Friday, December 12, 2008


In Dan Savage’s homage to the seven deadly sins, Skipping Towards Gomorrah, he talks, in the chapter on greed, I think, about losing a bunch of money gambling and how it makes him feel just totally flayed, but absolutely alive, and in that moment, he comes to understand the appeal of playing blackjack, even though it’s ultimately a losing proposition for whomever sits down at the table to face the cards.

And while I’m not in that situation now, I do have a little taste of it, as we’ve come to San Francisco to spend a bunch of money eating, drinking, and carrying on, even though those are funds better invested in college savings plans, mortgage payments, or heaven knows, bicycle parts, which—even if expensive—would at least be lasting.
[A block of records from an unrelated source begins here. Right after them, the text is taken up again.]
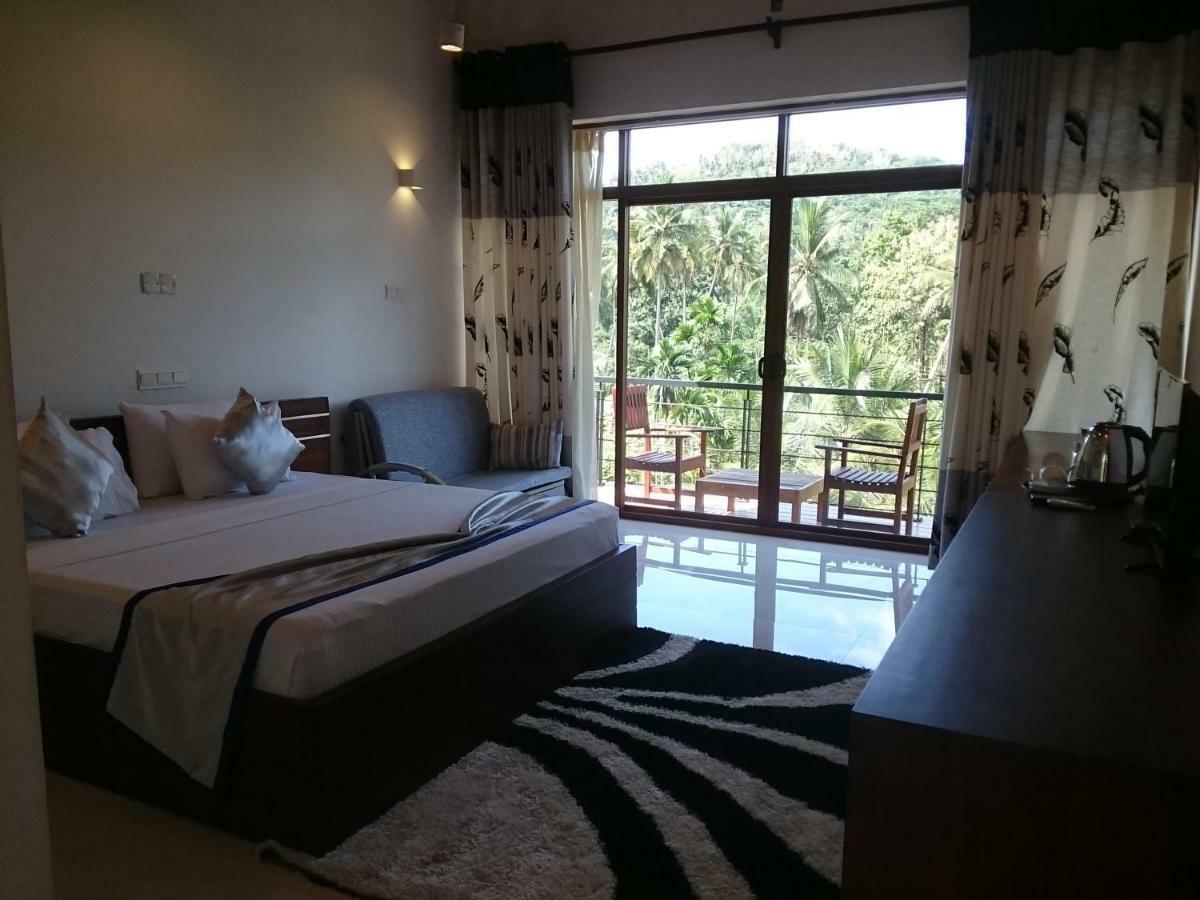 Saru Blue Sapphire Hotel Udawalawe Eksteriør bilde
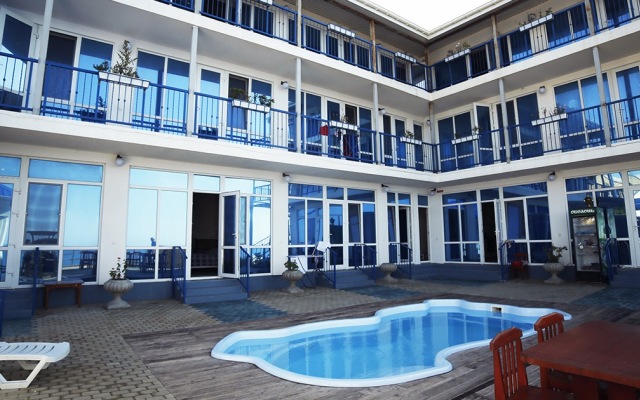 Dolphin Tourist Hotel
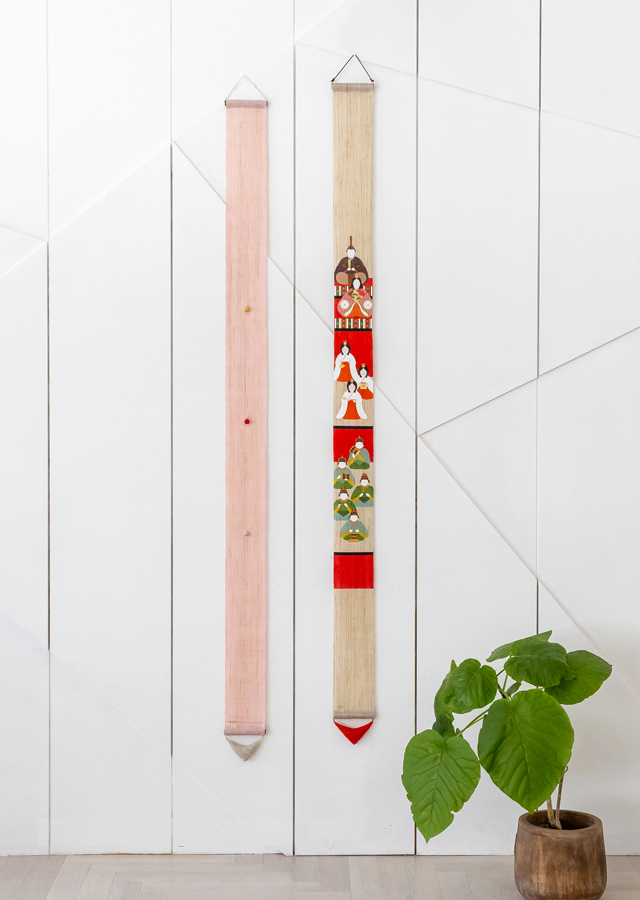 Handmade Hand-Dyed Linen Japanese Narrow Tapestry - Traditional Hina Dolls Design, Kyoto Noren Style Wall Hanging Scroll for Home Decor, Japanese Culture Enthusiasts & Zen Interior Design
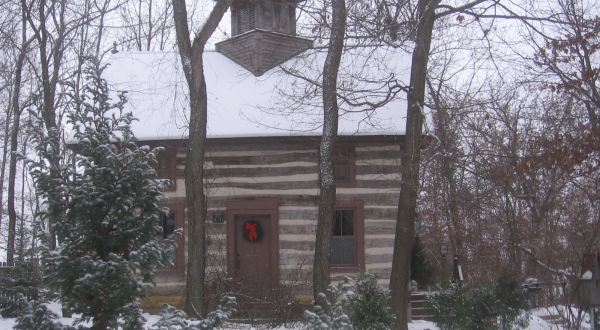 10 of the Coziest Wisconsin Cabins to Curl Up In This Winter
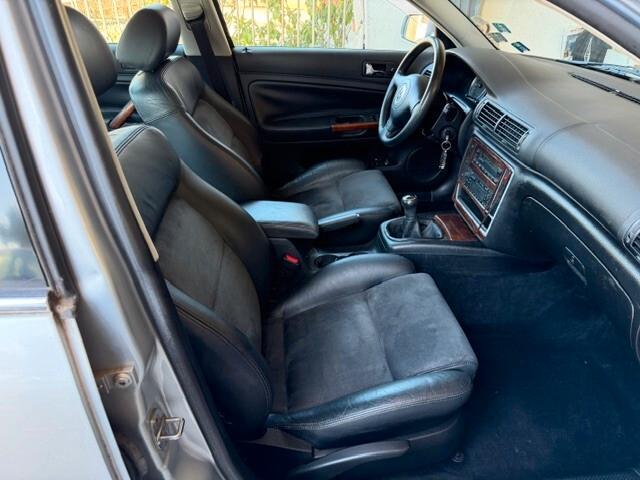 Volkswagen Passat 2.0 cat Highline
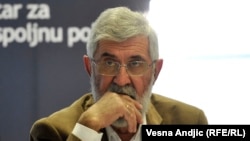 Aleksandar Popov: Dodik se stalno pojavljuje na značajnijim događajima u Srbiji tako da su se ljudi navikli na tu činjenicu, ali ga ne doživljavaju kao nekoga ko presudno utiče na politiku Srbije, mada bi on jako voleo da je to tako.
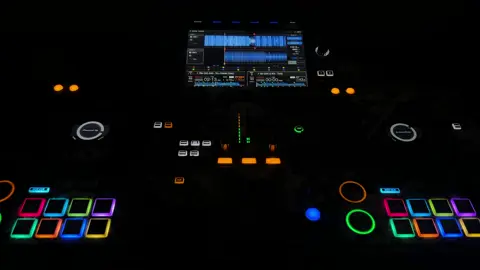 Khong co hoa cung chang co la #xuhuong #nhachaymoingay #bookingshowdj #nhachottiktok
But I get it, I really do. Here we are, purchasing experiences instead of things, and despite the fact that what we’re getting is fleeting and ephemeral, it does give us a few moments here and there of being fully alive, even if self-recrimination follows on its heels.
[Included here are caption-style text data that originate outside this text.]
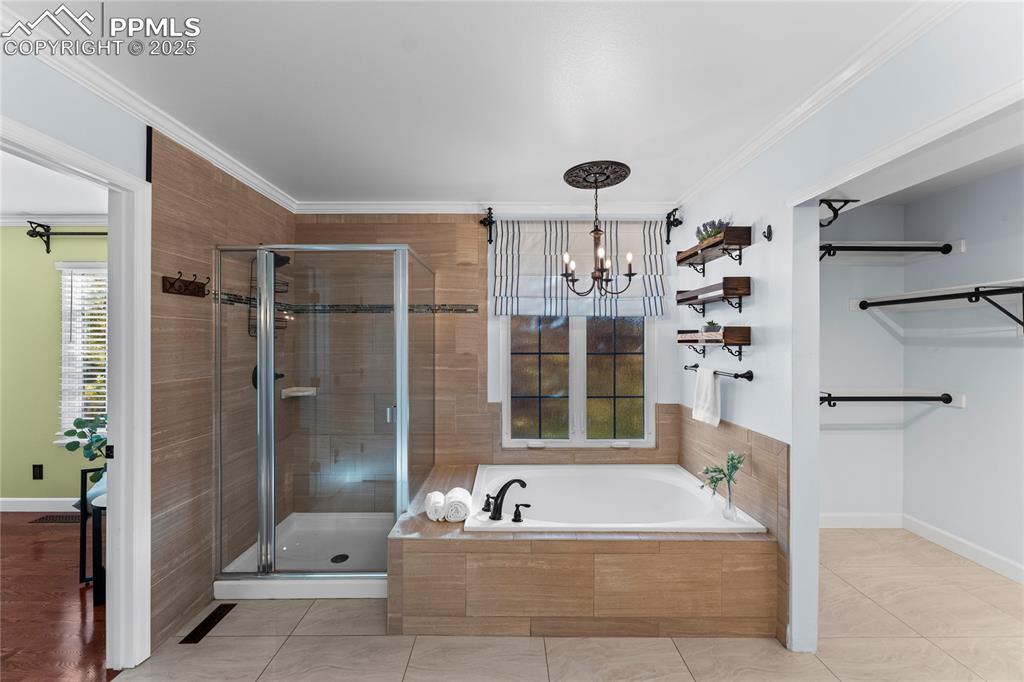 Image 27 of 41: Bathroom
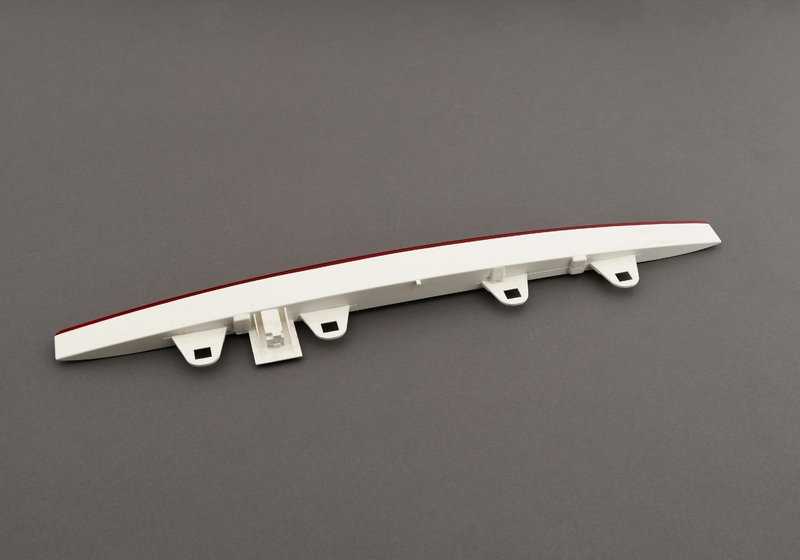 Tercera luz de freno OEM 63257191765 para BMW E89. Original BMW.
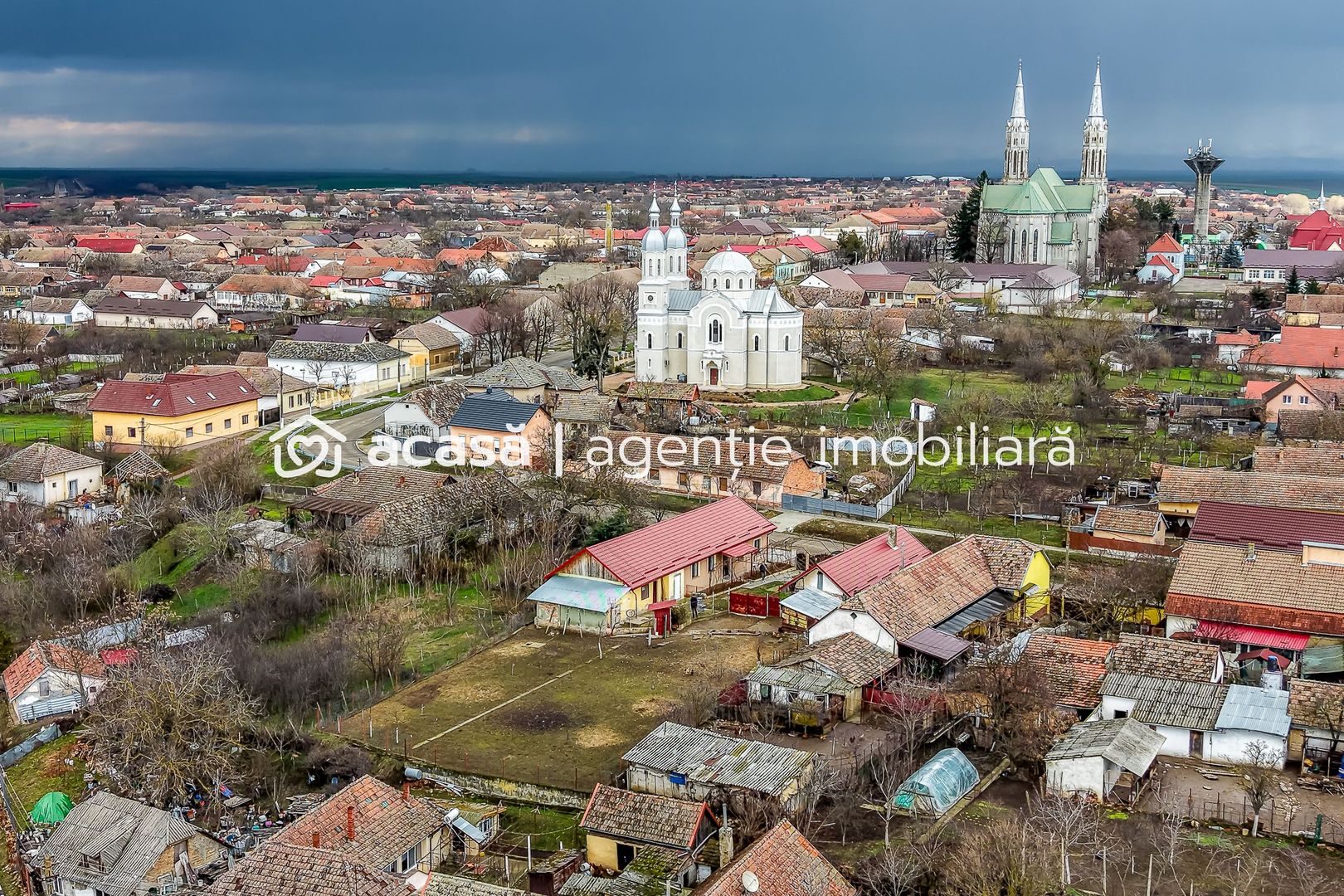 Casă în Vinga – restaurată Integral 2025 | 3 camere | teren generos - Poză 1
Today, we’ve wandered the streets and looked at art and then I took a bus through once-familiar streets to the Haight-Ashbury which, it seems, has become something like a theme-park/shopping mall version of the dream it aspired to some forty-plus years ago.

And, what followed, as I then spent more on a single Anchor Steam beer than I typically expend for an entire six pack of my usual, then wasted even more money on non-essentials strolling about, could only be understood as an expression of that same impulse to which Mr. Savage was referring in his book: I’m sure that there is some sort of connection between liveliness and bank accounts, and no doubt there’s something strangely liberating about making choices that one comes to regret; still, if I didn’t currently feel so fully alive, I’d look forward to imagining it were just a dream to eventually awake from.


Blogger btm said...

The Last Viridian Note, recent musings by Bruce Sterling on value.